Truth be told, I don’t enjoy this film very much. I do, however, admire it greatly. It does exactly what it sets out to: deliver a tragic tale of life, death, heartbreak and regret – the way time changes people – while largely avoiding sentiment or emotional manipulation of the audience. The dialogue is sparing, as with all Leone films, and you are never told how to feel. The film is cold, in many respects; its direction alienated. The characters aren’t. As gorgeous and emotive as Ennio Morricone’s operatic score is, it feels more at odds here than in any other film. Leone’s earlier works are far more “operatic” and “comic book” in tone (I do not mean this as a criticism).
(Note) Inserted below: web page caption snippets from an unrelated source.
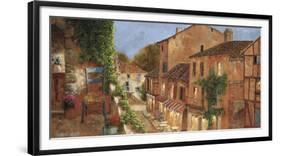 My Balcony-Gilles Archambault-Framed Art Print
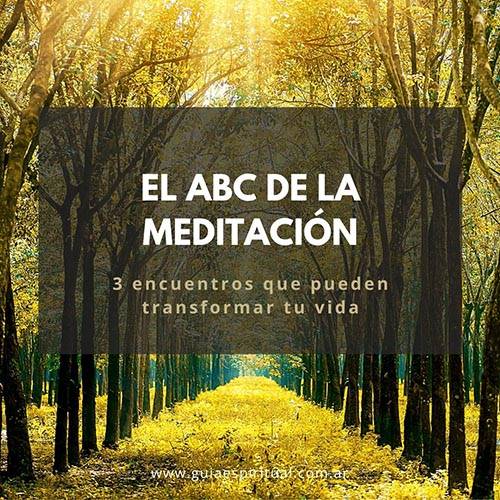 Curso Online El Abc De La Meditaci N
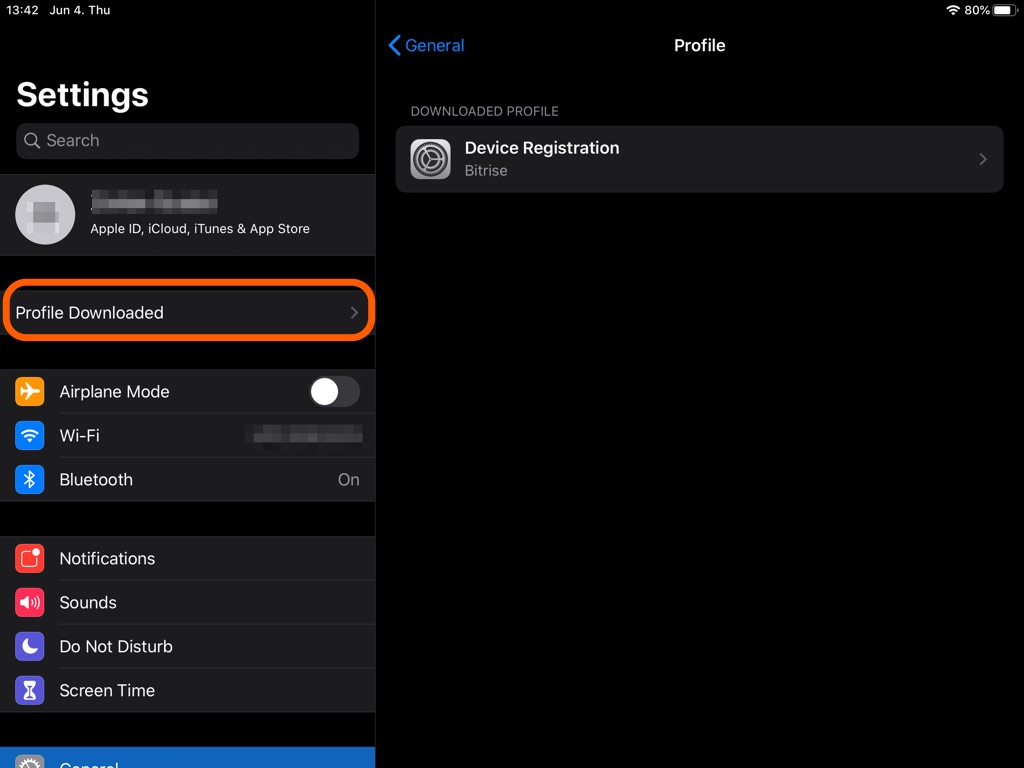 Installing an ipa file from the public install page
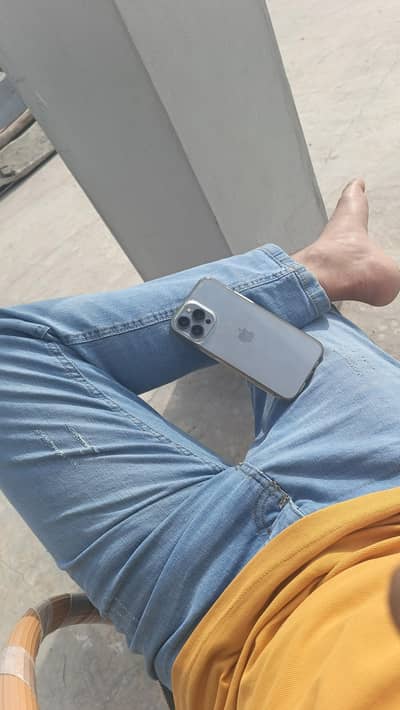 i phone 13 pro max JV 128 gb Exchange with 16 Pro Max Desert titinium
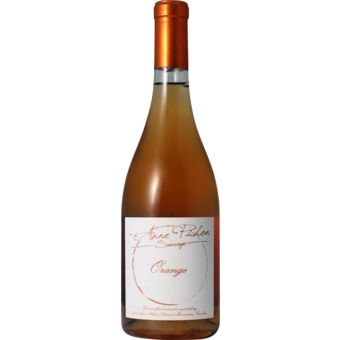 Bottle shot for 2025 Anne Pichon Sauvage Orange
This one feels too achingly slow, too unflinchingly impartial to the story and characters; too intimate and unceremonious for this kind of treatment. The score – full of nostalgic nods and interacting themes - suggests a grand stage entertainment with its own neat internal logic. The film offers, on the contrary, a consistent, slow and real-feeling unravelling: only time and distance can provide this (and Leone does). He seems determined, as I mentioned before, for the viewer to make of the characters what they want; Morricone’s score seems to inappropriately offer you an emotional response. And yet, paradoxically, it may be the theatrical cushion of the score that stops this elegantly crafted film from being completely unwatchable to me. Morricone’s score is completely absent from most of the pivotal “acts” of the film - the sexual assault included - and while this certainly enhances their impact, it also makes parts of the film really tough viewing.